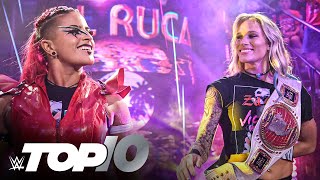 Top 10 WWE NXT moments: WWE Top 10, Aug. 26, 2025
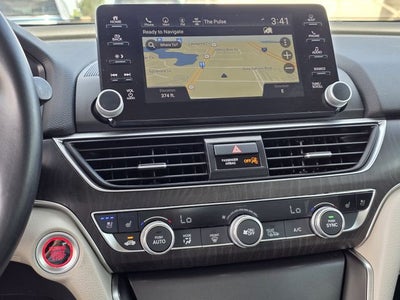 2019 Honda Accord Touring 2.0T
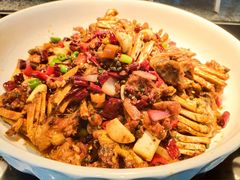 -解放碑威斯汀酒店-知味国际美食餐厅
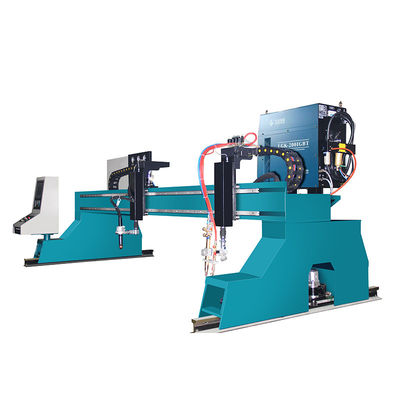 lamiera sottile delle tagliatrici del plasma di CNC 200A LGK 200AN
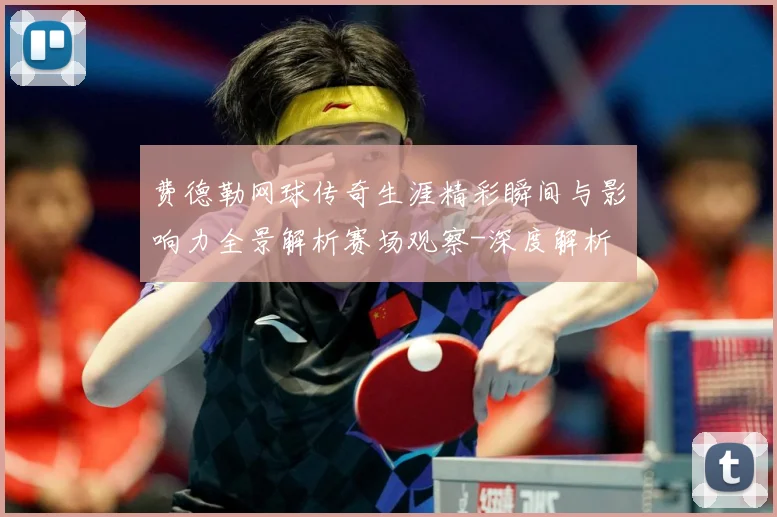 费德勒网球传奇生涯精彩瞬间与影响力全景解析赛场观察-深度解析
.....
## What the exercise asks
In the copy, include every entry above exactly and leave out each picture.

## Answer area
 Top 10 WWE NXT moments: WWE Top 10, Aug. 26, 2025
 2019 Honda Accord Touring 2.0T
 -解放碑威斯汀酒店-知味国际美食餐厅
 lamiera sottile delle tagliatrici del plasma di CNC 200A LGK 200AN
 费德勒网球传奇生涯精彩瞬间与影响力全景解析赛场观察-深度解析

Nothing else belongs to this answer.